Of course, this is my lens as a minister, but I felt he was a kind of a glue which made the rest of it make sense in some ways. These two siblings kind of screwed each other continuously, while insisting that, no matter what you do, I'll still be here for you. My take on this thoroughly postmodern minister you portrayed was that to him, the ultimate thing is that God is going be there for you regardless of what you do. That's purely the religious take on it. But he was a very forceful character, I felt.
Yeah, thanks. I thought so, too. But I also completely agree with Terry when he says he doesn't want to believe something because it might make him feel better. He wants to believe it if he thinks it's true.
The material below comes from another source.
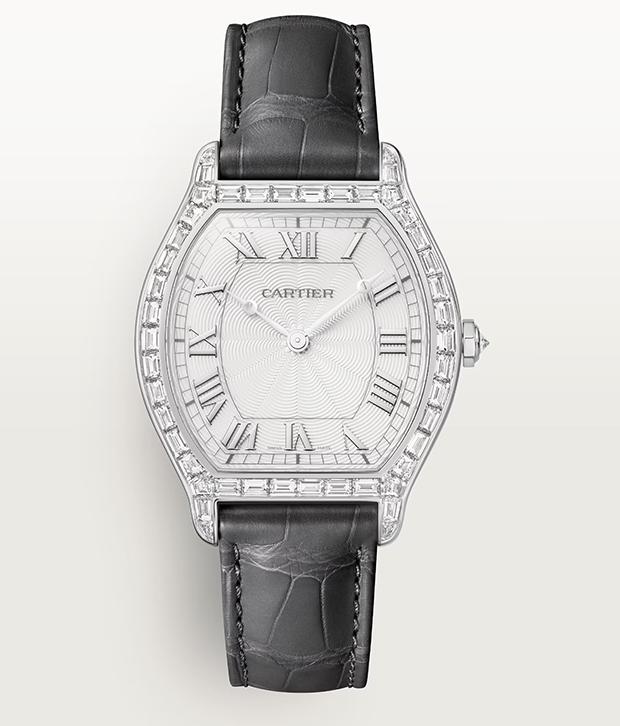 The standout technical release from Cartier’s 2026 lineup is easily the Tortue Monopoussoir. Produced in limited numbers across platinum and yellow gold, the watch revives one of Cartier’s most historically important case shapes while integrating a movement designed specifically around the Tortue architecture.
Yeah, that was an interesting line.
He has thought about it. They both have thought about it. People, whatever they believe, are faced with the same sets of problems. Your parents are smashed to death in a car crash when you are eight. It is very hard to think anything except life stinks, you know, because it does stink. All you have to do is read the newspaper, and just slaughter and mayhem everywhere, the whole history of the world, and no reason to think it's going to ever stop. It's very hard for people to make sense of it. And whether they believe in God or not, it's not so easy. I think that's a big part of what the movie is about.

And ultimately, it's what the brother and sister have in common. That's sort of why they only have each other. They've both been through this nightmare. The minister, because he is thoughtful and not partisan, tries to put it in a way that bridges the two points of view. I think that is why that scene seems pivotal.

Those of us on the secular left hear so much terrible, intolerant, stupid versions of pseudo-religious talk from people. We tend to have a condemning reaction which we wouldn't really appreciate if it was applied to us. A lot of people said to me, God, you didn't portray the minister as being a boob or a laughable character. It was like, well, what would be the point of that?